General English

General Science


  • noun a sudden rise


  • verb to go away suddenly


  • noun a programming command to end one set of instructions and direct the processor to another section of the program
  • verb to direct a CPU to another section of a program


  • noun an act of advancing quickly down the wicket
    Citation ‘The jump, or the run to drive, was not a stroke they remembered only when they found themselves tied up by a length bowler’ (James 1963)
  • verb to move quickly forward out of one’s ground, especially in order to make a drive; by going down the wicket, the batsman is able to convert a ball of full length into a half-volley
    Citation ‘Hopkins jumped at one from Rhodes and missed, but was back before Lilley … could get the bails off’ (Melbourne Argus 12 December 1903)
    Citation ‘The best method of meeting him is to be ever ready to jump out to drive anything the least over-pitched’ (Warner 1934)


  • A computer instruction that switches the CPU to another location in memory. Also called jump instruction, or branch (4).
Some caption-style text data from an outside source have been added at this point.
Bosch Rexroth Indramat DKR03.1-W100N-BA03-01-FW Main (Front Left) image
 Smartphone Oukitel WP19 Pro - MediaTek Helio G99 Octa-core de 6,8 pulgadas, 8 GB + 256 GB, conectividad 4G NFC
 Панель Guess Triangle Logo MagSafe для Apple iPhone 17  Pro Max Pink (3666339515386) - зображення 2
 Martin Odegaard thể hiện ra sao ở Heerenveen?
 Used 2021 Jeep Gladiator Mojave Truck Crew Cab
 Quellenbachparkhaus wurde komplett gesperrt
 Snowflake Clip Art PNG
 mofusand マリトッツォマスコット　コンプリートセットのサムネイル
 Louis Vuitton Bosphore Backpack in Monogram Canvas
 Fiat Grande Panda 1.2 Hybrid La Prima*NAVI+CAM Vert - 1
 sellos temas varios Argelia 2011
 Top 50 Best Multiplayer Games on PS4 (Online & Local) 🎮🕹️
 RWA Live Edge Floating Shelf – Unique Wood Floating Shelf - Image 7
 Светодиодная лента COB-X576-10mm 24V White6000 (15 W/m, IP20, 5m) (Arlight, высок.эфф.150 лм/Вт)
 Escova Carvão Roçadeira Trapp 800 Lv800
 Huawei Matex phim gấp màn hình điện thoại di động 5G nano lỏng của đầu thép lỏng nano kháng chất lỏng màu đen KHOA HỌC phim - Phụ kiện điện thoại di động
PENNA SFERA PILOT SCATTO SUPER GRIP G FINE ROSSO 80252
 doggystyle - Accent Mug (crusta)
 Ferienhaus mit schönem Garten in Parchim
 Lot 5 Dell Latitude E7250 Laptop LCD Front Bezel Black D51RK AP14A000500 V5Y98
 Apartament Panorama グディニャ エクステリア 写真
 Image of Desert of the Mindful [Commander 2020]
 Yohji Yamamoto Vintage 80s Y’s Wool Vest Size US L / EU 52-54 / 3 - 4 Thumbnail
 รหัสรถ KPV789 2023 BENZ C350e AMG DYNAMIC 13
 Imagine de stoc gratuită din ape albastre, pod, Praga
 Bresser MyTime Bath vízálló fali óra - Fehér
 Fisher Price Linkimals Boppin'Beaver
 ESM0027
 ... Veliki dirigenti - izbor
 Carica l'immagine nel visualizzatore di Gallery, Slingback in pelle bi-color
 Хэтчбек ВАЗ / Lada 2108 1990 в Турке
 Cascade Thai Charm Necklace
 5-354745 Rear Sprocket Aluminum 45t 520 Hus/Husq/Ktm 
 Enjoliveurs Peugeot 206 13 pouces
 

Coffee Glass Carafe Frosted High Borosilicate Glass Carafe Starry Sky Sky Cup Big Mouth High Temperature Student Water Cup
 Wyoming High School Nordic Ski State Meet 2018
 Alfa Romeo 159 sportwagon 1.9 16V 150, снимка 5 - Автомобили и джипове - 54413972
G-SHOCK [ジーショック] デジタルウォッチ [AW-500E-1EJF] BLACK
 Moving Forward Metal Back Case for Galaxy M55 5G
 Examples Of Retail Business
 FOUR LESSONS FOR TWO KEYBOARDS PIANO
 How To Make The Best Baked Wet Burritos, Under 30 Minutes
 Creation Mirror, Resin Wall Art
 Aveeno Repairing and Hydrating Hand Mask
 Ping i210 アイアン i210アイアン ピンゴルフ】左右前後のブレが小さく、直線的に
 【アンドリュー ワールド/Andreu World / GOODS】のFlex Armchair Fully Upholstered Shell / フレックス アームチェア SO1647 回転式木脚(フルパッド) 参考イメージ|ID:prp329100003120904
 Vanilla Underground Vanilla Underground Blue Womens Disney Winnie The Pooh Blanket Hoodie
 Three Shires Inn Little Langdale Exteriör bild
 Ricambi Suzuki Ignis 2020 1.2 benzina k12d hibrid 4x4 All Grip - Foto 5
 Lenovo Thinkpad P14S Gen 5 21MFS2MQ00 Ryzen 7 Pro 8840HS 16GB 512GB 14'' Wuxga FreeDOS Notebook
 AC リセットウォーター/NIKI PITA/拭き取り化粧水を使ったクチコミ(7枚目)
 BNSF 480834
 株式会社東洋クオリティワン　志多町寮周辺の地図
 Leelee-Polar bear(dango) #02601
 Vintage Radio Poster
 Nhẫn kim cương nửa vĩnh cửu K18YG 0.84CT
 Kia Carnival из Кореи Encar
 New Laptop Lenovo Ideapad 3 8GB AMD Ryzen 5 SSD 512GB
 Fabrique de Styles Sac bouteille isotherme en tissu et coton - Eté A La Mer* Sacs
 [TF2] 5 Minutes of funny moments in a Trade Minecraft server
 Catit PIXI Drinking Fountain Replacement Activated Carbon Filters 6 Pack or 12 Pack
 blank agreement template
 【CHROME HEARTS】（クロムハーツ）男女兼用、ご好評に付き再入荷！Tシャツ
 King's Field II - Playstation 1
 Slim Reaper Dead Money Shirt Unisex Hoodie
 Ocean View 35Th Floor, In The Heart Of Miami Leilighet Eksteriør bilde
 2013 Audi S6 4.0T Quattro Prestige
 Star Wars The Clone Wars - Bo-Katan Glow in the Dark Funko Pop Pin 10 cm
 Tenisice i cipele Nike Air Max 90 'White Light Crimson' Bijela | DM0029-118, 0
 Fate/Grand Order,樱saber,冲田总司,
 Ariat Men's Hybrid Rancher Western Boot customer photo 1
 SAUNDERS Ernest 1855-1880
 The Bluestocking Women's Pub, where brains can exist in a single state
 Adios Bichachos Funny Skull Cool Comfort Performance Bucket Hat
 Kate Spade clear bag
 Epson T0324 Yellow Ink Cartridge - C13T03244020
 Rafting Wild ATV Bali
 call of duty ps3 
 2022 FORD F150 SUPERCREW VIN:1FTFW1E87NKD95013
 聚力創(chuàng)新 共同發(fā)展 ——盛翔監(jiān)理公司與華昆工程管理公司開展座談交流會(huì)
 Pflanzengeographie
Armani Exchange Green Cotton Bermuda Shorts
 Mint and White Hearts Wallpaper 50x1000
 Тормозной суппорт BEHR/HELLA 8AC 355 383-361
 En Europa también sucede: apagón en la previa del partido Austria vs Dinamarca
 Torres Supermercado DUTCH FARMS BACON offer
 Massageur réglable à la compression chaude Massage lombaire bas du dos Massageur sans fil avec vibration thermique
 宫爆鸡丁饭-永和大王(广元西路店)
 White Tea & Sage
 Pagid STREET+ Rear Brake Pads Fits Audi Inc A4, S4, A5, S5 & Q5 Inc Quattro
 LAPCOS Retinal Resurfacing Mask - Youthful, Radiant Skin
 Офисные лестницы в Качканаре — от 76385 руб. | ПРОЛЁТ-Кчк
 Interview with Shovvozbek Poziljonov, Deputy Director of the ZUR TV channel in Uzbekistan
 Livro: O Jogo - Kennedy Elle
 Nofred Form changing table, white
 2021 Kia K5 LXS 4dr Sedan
  • verb to miss a page or a line or space when printing


  • noun an act of sexual intercourse. This old vulgarism has been revived since 2000, and was defined by one user (a London student) as ‘a comedy term for sex used to embarrass mates in innocent situations, i.e. “they’re going for a jump” when they are just going for a walk’.
  • verb to have sex with. This term implying male assertion, domination or assault has been in use in English since the 17th century. It is paralleled in many other languages (the french equivalent is sauter). The word is now often used by street-gang members, etc. to refer to indecent assault, influenced by the term’s colloquial meaning of to attack unexpectedly.

Origin & History of “jump”

Until the early modern English period, the words for ‘jump’ were leap and spring. then, apparently out of nowhere, the verb jump appeared. Its provenance has never been satisfactorily explained, and etymologists fall back on the notion that it may originally have been intended to suggest the sound of jumping feet hitting the ground (the similar-sounding bump and thump are used to support this theory). And certainly one of the earliest known instances of the word’s use connotes as much ‘making heavy contact’ as ‘rising’: ‘The said anchor held us from jumping and beating upon the said rock’, Sir Richard Guylforde, Pilgrimage to the holy Land 1511.

Jumper ‘sweater’ (19th c.), incidentally, appears to have no etymological connection with jump. It was probably derived from an earlier dialectal jump or jup, which denoted a short coat for men or a sort of woman’s underbodice. This in turn was borrowed from French juppe, a variant of jupe ‘skirt’, whose ultimate source was Arabic jubbah, the name of a sort of loose outer garment.